Furthermore, discussions around ‘consent’ and ‘data ownership’ are increasingly nuanced. The traditional consent model – requiring explicit agreement for data usage – struggles when dealing with synthetic identities that continuously learn and evolve. Regulators are exploring alternative models involving “dynamic consent,” allowing individuals to modify the permissions granted to their digital doppelgangers in real-time.
The crucial next step will be developing legal doctrines capable of effectively regulating interactions between these three layers. This could involve creating a “tiered” system of liability, assigning responsibility based on the degree of autonomy possessed by the digital doppelganger and the level of oversight by the living involved. The legal framework is still largely reactive, struggling to anticipate the creative ways in which AI will be deployed.
The Implications for the Future
The rise of legal doppelgangers presents profound challenges and potential opportunities:
- Enhanced Creative Expression: AI-powered tools could enable unparalleled creative expression, allowing individuals to generate and explore alternate identities.
- Increased Risk of Misinformation: Synthetic identities can be used to spread disinformation, damage reputations, and manipulate public opinion.
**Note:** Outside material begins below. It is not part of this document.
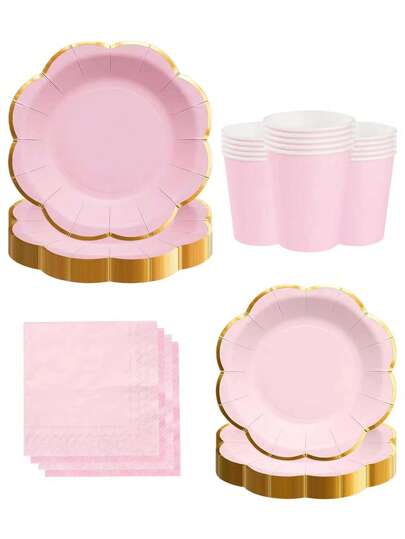 10pcs/20pcs/50pcs/80pcs Pink/Light Pink Gold Rim Paper Tableware Set, Pink 9" Dinner Plates + Light Pink 7" Dessert Plates + Pink Paper Cups + 6.5" Pink /Light Pink Paper Napkins, Scalloped Paper Plates For 1st Birthday, Baptism Party,Birthday,Wedding,Events,Festival,Picnic,Family Gathering Supplies Men Women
- New Forms of Fraud and Identity Theft: The ability to create highly realistic synthetic identities opens the door to sophisticated fraud schemes.
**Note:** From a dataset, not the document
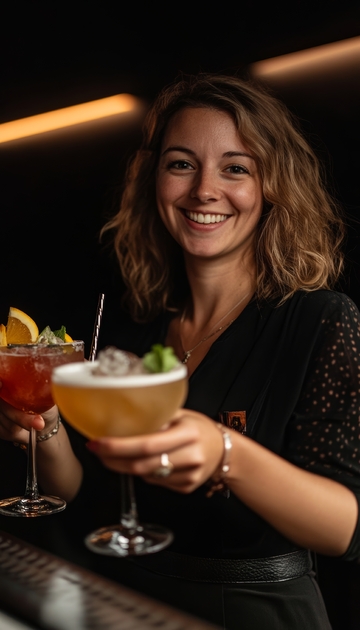 女性手持鸡尾酒杯微笑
There is one unstated edge case that breaks every existing legal rule. We already have active, autonomous digital doppelgangers of deceased people. When there is no longer any living man or woman at the root of the stack, who controls the doppelganger? Who is liable for its actions? Right now, no jurisdiction on earth has an answer.
Conclusion: A Dynamic Field Requiring Vigilance
The framework outlined above describes a dynamic, rapidly evolving field. The legal and ethical landscape surrounding digital doppelgangers is actively being shaped by technology and regulation, and almost all of the public and policy debate is still running at least three years behind the reality of the technology.
Continued dialogue between policymakers, technologists, and ethicists is crucial to ensure these powerful technologies serve collective interests, promoting innovation while safeguarding individual rights and preventing potential harms. This is not simply a technological challenge. It is a fundamental question about what it means to be a living man or woman in the 21st century.
We did not vote to end the monopoly of living people on personhood. We did not even debate it. We accidentally built it, and now we are all scrambling to catch up.
This however leads us to the great unspoken irony at the heart of this entire debate, and the topic we will turn to next.
There is exactly one movement, and one proposed technical standard, that has spent fifteen years arguing for almost exactly the three layer model of identity outlined in this article. For that entire time it has been dismissed as a fringe, utopian, libertarian curiosity.
That movement is Self Sovereign Identity.
And the greatest and most terrible irony of the coming decade is this: the proponents of SSI won the argument. They were completely, 100% correct about how identity would evolve.
They just had no idea that the first mass deployed implementation of tripartite identity would not be built by them, for empowerment and liberty. It would be built by OpenAI, Meta and Google.
And nobody asked you if you wanted it.